Download Maternal Care and Mental Health here:
Bowlby drew together such limited empirical evidence as existed at the time from across Europe and the USA. His main conclusions, that “the infant and young child should experience a warm, intimate, and continuous relationship with his mother (or permanent mother substitute) in which both find satisfaction and enjoyment” and that not to do so may have significant and irreversible mental health consequences, were both controversial and influential. The 1951 WHO publication was highly influential in causing widespread changes in the practices and prevalence of institutional care for infants and children, and in changing practices relating to the visiting of infants and small children in hospitals by parents. The theoretical basis was controversial in many ways. He broke with psychoanalytic theories which saw infants' internal life as being determined by fantasy rather than real life events.
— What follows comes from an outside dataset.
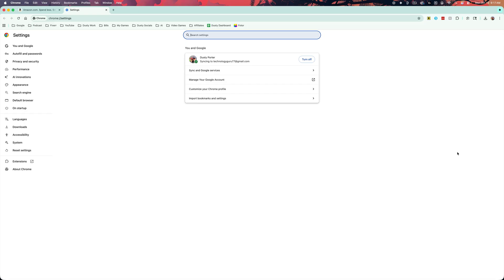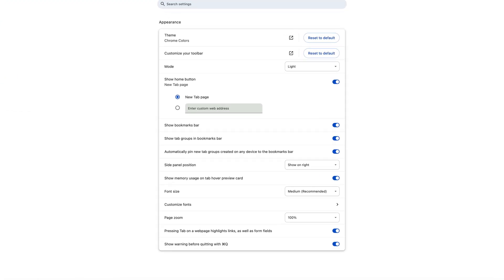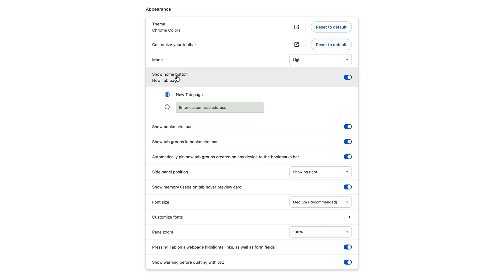to where you see settings. Once under settings, you want to go to the sidebar and select the option that says appearance. And then under appearance, you'll see right here where it says mode.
Some critics profoundly disagreed with the necessity for maternal (or equivalent) love to function normally, or that the formation of an ongoing relationship with a child was an important part of parenting. Others questioned the extent to which his hypothesis was supported by the evidence. There was criticism of the confusion of the effects of privation (no primary attachment figure) and deprivation (loss of the primary attachment figure) and in particular, a failure to distinguish between the effects of the lack of a primary attachment figure and the other forms of deprivation and understimulation that may affect children in institutions.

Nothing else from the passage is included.